Tomas Alfredson’s adapata­tion of John Le Carré’s labyrinth­ine Cold War thrill­er Tinker Tailor Soldier Spy requires more brain than any­thing else I’ve seen recently. Don’t doze off whatever you do or you’ll be lost. Gary Oldman – under­play­ing for per­haps the first time in his career – is the mis­un­der­es­tim­ated mas­ter spy George Smiley, brought out of retire­ment to find the mole the Soviets have been run­ning inside British intel­li­gence. There are four sus­pects – Smiley him­self hav­ing been earli­er coun­ted out for not being inter­est­ing enough – and any false move would reveal the invest­ig­a­tion and spook the spooks.

Cutting over 300 pages of dense trade­craft down to just over two hours of screen time – it took more than sev­en for the fam­ous 1979 BBC adapt­a­tion – means plenty of stream­lin­ing and at least one trim makes things harder to under­stand than the oppos­ite. Alfredson and his design team do a mag­ni­fi­cent job of mak­ing the 1970s – the dec­ade that taste for­got – watch­able and British act­ors seem to be genet­ic­ally pre­dis­posed to the supressed emo­tion­al­ism that this sort of cloak and dag­ger mater­i­al demands.

After the suc­cess of Bill Cunningham New York last year, there seems to be a wel­come new trend in doc­u­ment­ary – good films about nice men. This year’s entry is Buck, an obser­v­ant little film about ace horse train­er Buck Brannaman. He spends most of his life trav­el­ling the world help­ing people with horse prob­lems – or as he puts it “help­ing horses with people prob­lems”. He grew up in an ter­ri­fy­ingly abus­ive house­hold and – like a lot of abused chil­dren – he learned to be extremely sens­it­ive to the world around him. That sens­it­iv­ity is now less about self-preservation and more about con­sid­er­a­tion – listen­ing to horses rather than whis­per­ing to them.

A bril­liantly wise indi­vidu­al who care­fully rations out his ter­rif­ic smile, Buck is a great sub­ject who has an enorm­ous reser­voir of under­stand­ing to share with the world. You won’t regret spend­ing 90 minutes in his company.

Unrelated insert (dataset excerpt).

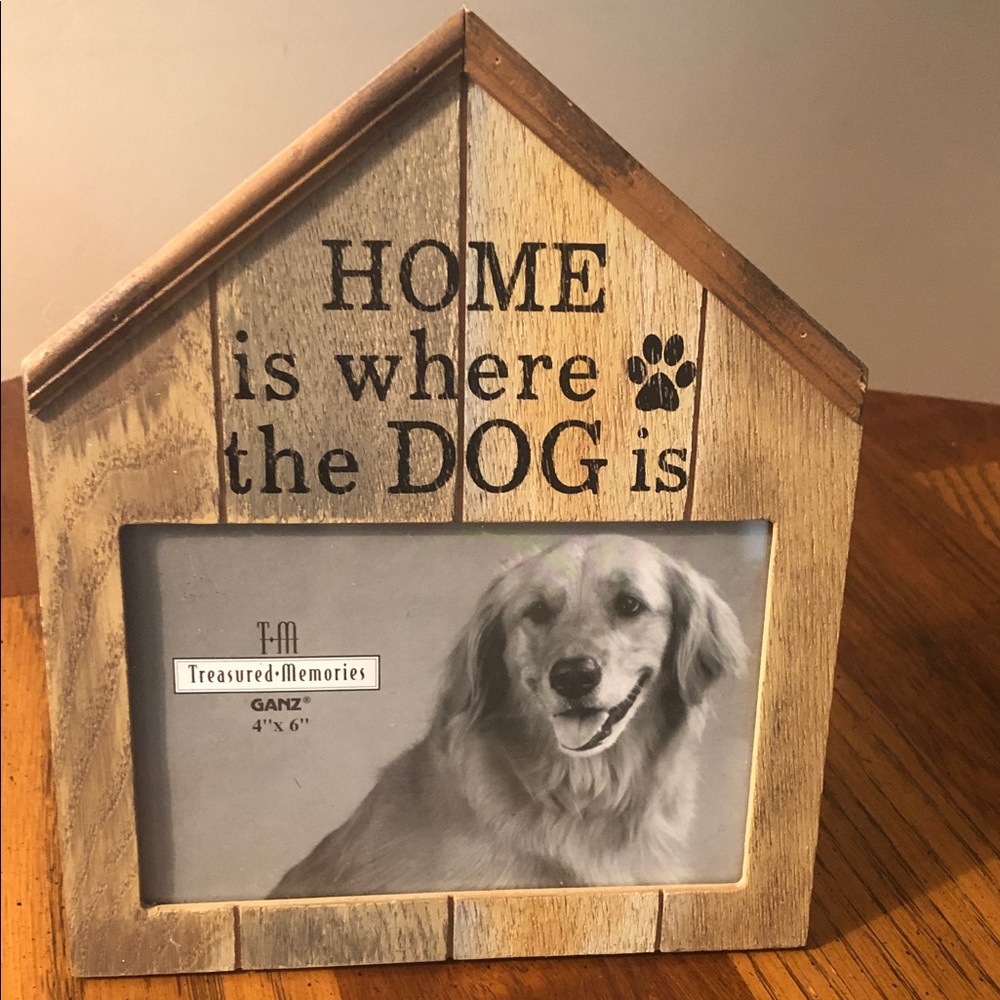 Rustic Dog Photo Frame "Home is Where the Dog Is" Picture Frame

In the new sequel to Journey to the Center of the EarthJourney 2: The Mysterious Island – young Josh Hutcherson (Bridge to Terabithia, The Kids Are All Right) gets a new father-figure: Brendan Fraser is replaced by the much more box office friendly Dwayne “The Rock” Johnson and to add insult to injury his non-appearance goes com­pletely unex­plained. Now, it’s a faint radio mes­sage from Grandpa Anderson (Michael Caine) that kick­starts their Verne-ian adven­ture with the Rockster com­ing along for the ride with heli­copter pilot Luis Guzmán and pretty daugh­ter Vanessa Hudgens.

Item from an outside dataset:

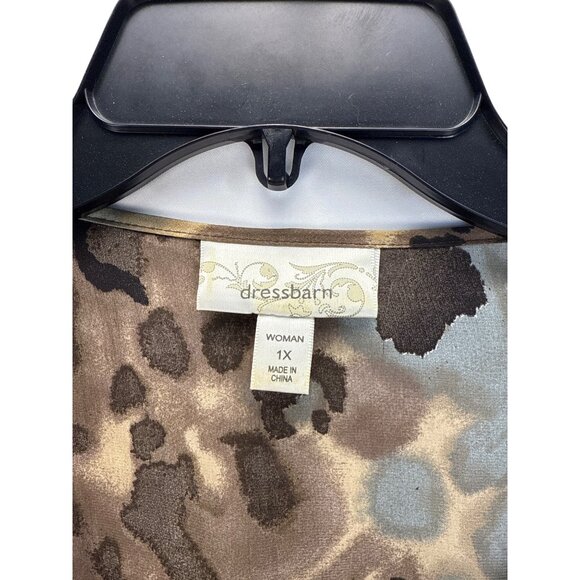 Dressbarn Plus Size 1X Embellished Sheer Animal Print Blouse Chiffon Tunic Top - Picture 3 of 7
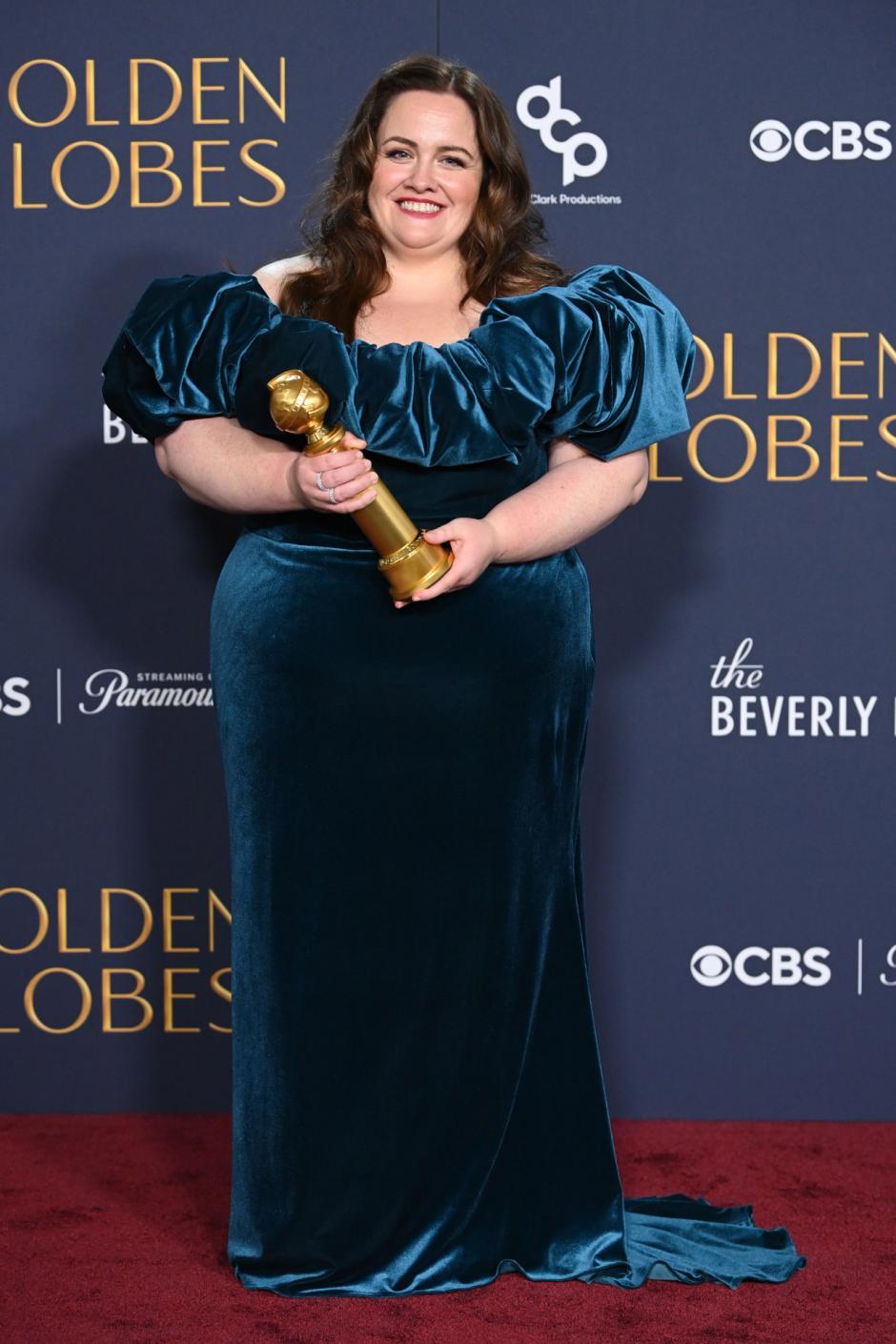 Jessica Gunning, 
82nd Annual Golden Globe Awards, Press Room, Beverly Hilton, Los Angeles, California, USA - 05 Jan 2025 *** Local Caption *** .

The plot is light­weight, serving only to get our crew to the island as fast as pos­sible and then off it even quick­er. It’s a good job Guzmán, Caine and Johnson are around because Hutcherson and Hudgens are fairly charm­less and you wouldn’t want either of them to carry a film alone.

Finally, is this the longest delay between a Festival screen­ing and a loc­al release? Francisco Vargas’ El viol­in was made in 2005, screened in the 2007 International Film Festival and now has a short sea­son at the Paramount. A tense drama in moody black and white about a Latin American rebel­lion that isn’t going well. The bru­tal régime are clos­ing in on the free­dom fight­ers and eld­erly Don Plutarco (Ángel Tavira) is the only one who can cross the enemy lines to retrieve ammuni­tion bur­ied in the corn fields.

He smuggles it out hid­den in his viol­in case but when the loc­al com­mand­ant asks for music les­sons things get pretty stress­ful pretty quickly. The open­ing scene sets a viol­ent tone and it’s the memory of that sequence that helps emphas­ise the stakes and keep the stress levels high. Worth a look if you can seek it out.

The first half of this art­icle was prin­ted in Wellington’s Capital Times on Wednesday 25 January, 2012.